*Action item:*
Go through the listing beneath and show each line containing the string "Wedding".

== Segment start ==

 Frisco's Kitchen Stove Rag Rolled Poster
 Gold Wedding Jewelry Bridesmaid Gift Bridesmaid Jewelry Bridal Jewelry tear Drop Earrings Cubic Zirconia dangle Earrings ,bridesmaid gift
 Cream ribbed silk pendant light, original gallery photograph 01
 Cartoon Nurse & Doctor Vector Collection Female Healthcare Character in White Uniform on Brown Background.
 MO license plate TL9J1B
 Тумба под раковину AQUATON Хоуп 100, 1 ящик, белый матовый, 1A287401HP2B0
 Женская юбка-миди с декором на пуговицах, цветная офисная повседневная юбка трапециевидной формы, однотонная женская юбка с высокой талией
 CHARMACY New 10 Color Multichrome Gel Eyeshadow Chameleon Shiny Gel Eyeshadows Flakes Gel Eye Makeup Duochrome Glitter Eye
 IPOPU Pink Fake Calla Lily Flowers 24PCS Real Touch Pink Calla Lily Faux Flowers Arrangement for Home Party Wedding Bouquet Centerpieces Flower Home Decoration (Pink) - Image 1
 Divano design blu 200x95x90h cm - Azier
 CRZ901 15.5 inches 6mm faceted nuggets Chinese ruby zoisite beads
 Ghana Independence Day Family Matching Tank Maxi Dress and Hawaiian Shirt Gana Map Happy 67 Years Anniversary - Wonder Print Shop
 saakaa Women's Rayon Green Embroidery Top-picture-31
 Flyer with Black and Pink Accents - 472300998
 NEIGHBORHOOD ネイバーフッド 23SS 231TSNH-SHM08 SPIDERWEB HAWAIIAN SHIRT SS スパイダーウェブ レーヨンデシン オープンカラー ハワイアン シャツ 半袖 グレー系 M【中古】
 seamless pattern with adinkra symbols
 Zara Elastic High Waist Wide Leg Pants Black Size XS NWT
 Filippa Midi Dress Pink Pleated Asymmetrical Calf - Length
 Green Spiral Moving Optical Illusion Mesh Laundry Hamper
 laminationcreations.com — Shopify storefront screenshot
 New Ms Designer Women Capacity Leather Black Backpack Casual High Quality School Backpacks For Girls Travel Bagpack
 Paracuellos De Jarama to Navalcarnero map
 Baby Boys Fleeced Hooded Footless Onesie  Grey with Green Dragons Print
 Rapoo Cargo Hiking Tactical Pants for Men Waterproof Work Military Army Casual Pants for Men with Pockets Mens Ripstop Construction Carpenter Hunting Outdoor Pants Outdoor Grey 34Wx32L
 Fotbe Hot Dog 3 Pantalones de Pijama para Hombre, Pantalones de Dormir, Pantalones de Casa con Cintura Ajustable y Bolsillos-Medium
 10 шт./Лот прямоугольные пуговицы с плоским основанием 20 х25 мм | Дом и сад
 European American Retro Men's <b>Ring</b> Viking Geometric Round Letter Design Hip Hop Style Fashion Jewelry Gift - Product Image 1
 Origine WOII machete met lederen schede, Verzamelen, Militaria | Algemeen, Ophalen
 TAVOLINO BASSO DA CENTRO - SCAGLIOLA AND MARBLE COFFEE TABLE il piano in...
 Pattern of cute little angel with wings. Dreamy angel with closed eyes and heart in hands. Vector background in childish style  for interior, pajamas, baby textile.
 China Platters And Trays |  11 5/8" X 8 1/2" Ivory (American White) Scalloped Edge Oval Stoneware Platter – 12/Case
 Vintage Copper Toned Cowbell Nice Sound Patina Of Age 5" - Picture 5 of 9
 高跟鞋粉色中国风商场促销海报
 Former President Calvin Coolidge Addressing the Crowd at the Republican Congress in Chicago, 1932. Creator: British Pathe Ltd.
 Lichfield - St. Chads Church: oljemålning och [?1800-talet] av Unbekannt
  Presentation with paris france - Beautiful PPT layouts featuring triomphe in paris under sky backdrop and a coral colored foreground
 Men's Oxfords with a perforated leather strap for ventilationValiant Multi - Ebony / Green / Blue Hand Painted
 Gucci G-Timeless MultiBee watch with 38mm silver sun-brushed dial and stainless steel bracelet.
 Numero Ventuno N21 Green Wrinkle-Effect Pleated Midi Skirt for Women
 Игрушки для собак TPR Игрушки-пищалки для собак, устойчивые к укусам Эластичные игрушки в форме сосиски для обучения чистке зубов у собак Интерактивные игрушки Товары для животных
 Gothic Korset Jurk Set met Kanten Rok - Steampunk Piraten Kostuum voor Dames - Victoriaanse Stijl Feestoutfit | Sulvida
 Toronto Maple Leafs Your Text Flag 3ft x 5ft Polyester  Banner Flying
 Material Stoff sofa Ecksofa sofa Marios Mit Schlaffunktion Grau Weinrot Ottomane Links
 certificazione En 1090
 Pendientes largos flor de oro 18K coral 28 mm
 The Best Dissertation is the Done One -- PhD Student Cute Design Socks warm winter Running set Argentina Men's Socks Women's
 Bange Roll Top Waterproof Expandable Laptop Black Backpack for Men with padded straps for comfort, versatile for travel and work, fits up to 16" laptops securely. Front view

== Segment end ==

*Task result:*
 Gold Wedding Jewelry Bridesmaid Gift Bridesmaid Jewelry Bridal Jewelry tear Drop Earrings Cubic Zirconia dangle Earrings ,bridesmaid gift
 IPOPU Pink Fake Calla Lily Flowers 24PCS Real Touch Pink Calla Lily Faux Flowers Arrangement for Home Party Wedding Bouquet Centerpieces Flower Home Decoration (Pink) - Image 1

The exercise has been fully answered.